In less than a month, Port would use exactly the same technique to rape and kill 23-year-old Daniel Whitworth, a chef he met on the dating site Fitlads.com. Port then created an elaborate backstory to connect the two deaths and erase his own role in them.
He first deposited Whitworth’s body in the exact spot in the church courtyard as Kovari’s and planted a fake suicide note on him. The note claimed Whitworth had accidentally given an overdose of G to Kovari, and, overwhelmed by guilt and remorse, took his own life.
To cement this narrative, he went a step further. Using a fake identity on Facebook, Port fed lies to Kovari’s ex-boyfriend, Amodio. He told Amodio that Kovari had met Whitworth at a sex and drugs orgy. He suggested that Whitworth killed Kovari and then committed suicide. Amodio passed on the information to the police and John Pape, a friend of Kovari’s who was a witness in the case. The police believed the suicide narrative and didn’t investigate further.
“It’s disturbing, vindictive, malign, psycho madness to murder someone and then to engage with their former boyfriend,” Pape tells A&E True Crime. “It goes beyond someone trying to cover their tracks.”
“It’s an insight into what a monster he is.”
A Familiar Pattern
In the months after these murders, Port drugged and raped several more men he met on Grindr, as well as some of his long-term boyfriends, and even filmed these encounters while his victims were unconscious. The police found 83 such home videos on his cellphone.
Almost a year after he had murdered Whitworth, Port met Jack Taylor, a 25-year-old forklift driver, on Grindr. What followed was the now-familiar pattern of drugging, rape and murder, ending with a staged drug overdose at the same church courtyard.

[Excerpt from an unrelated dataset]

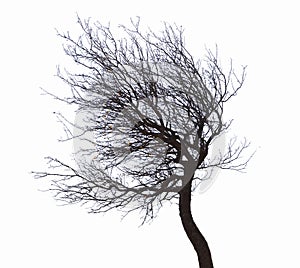 Leafless tree isolated photo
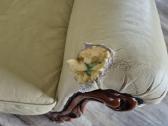 Sofa, foteliai - nuotraukos Nr. 5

It was only in November 2015 that police arrested Port and connected him to all the murders, after they had missed multiple opportunities to stop his crimes. They initially dismissed this murder as an accidental drug overdose too. But Taylor’s sisters campaigned to get the police to investigate the man seen in CCTV footage walking with the victim a day before he turned up dead. That man was Stephen Port.
“The police should be embarrassed,” says Pape. “When you think they had him in after the first death, you know he is not someone equipped to outsmart a police detective.”
“He should have never made it to four.”
A fresh inquest to examine all four deaths and any police failings will take place in January 2021. Port, meanwhile, was sentenced to life in prison without the possibility of parole.